Representatives of the Irish Congress of Trade Unions (ICTU), the Housing and Homeless Coalition, the National Women’s Council of Ireland (NWCI), the Peter McVerry Trust, and the USI gathered to launch the new initiative this morning. Speakers emphasised the vital importance of building social and affordable housing and reducing the rate of evictions.
ICTU President Sheila Nunan opened this morning’s launch by outlining her view that to call the current lack of homes a housing or homeless crisis understates what is “a societal crisis of our generation and our time”.
Representing students, USI Vice-President for Campaigns Michelle Byrne emphasized that students are “priced out” of accommodation across the country. She outlined that students are “sick of being taken advantage of”, noting that long commutes resulting from difficulties finding accommodation in the city centre put a strain on students’ academic results and welfare. “We want fit-for-purpose student accommodation over our heads,” Byrne demanded.

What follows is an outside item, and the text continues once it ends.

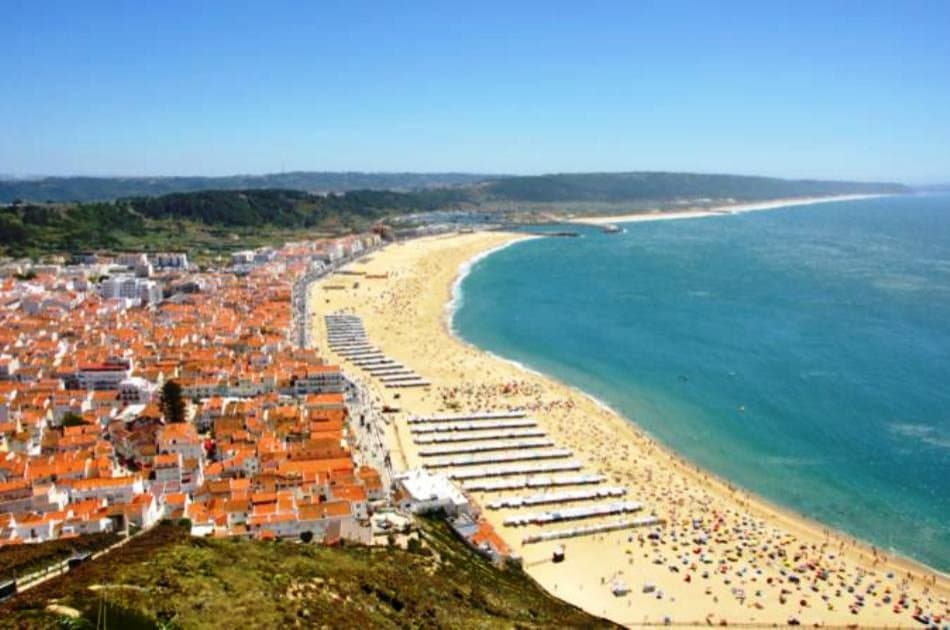Nazaré - The Biggest Waves Ever Surfed - Photo 7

Aisling Bruen of the Housing and Homeless Coalition noted a recent surge in people looking for help facing eviction, but also those trying to resist being evicted. O’Brien also announced that the Irish Housing Network is set to relaunch on Saturday.
Director of the NWCI, Orla O’Connor, explained that the rate of womens’ homelessness in Ireland is double that in other EU countries. “Women and mothers and families do not have years to wait for the solution,” said O’Connor. According to O’Connor, the high incidence of women’s homelessness is “a result of dramatic increase in families who have been forced from homes due to high rent and absence of social housing”.

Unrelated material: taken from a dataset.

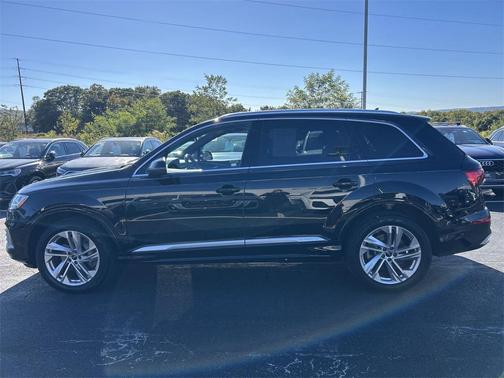 2023 Audi Q7 45 Premium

Father Peter McVerry, founder of the Peter McVerry Trust, estimated that the number of homeless people in Ireland significantly exceeds official counts, which do not include people sleeping on the street, in cars, in tents, or on couches. “We have a crisis today that I believe could get much, much worse,” said McVerry.
Trinity College Dublin Students’ Union (TCDSU) President Shane De Rís and Graduate Students’ Union (GSU) President Oisín Vince Coulter were in attendance at the meeting.
Meanwhile, the housing occupation on 34 North Frederick Street remains ongoing as occupiers protest the housing crisis. Despite an injunction issued by the High Court last week which called on occupiers to vacate the property, occupiers remain in the building. Protest group “Take Back The City” announced the activists’ intent to launch an occupation in another property in the coming week alongside the occupation on North Frederick Street.
Rent prices have left many students feeling anxious as they search for accommodation for the upcoming academic year. New student accommodation complex “The Tramshed and The Woodworks”, which opened in Point Village last week, faced criticism for charging between €920 and €1440 per year for an apartment. Despite the backlash, 10 of 16 room options are currently sold out including the €360-per-week Penthouse Premium Studio, according to the accommodation provider’s website.
Dublin City Council recently announced it would review its housing strategy, calling the supply of affordable housing in Dublin persistently “inadequate and imbalanced”. Earlier this summer, Fianna Fáil and Sinn Féin proposed that rent caps be introduced for purpose-built student accommodation following rises in student rent of 15 to 20% in major Irish cities.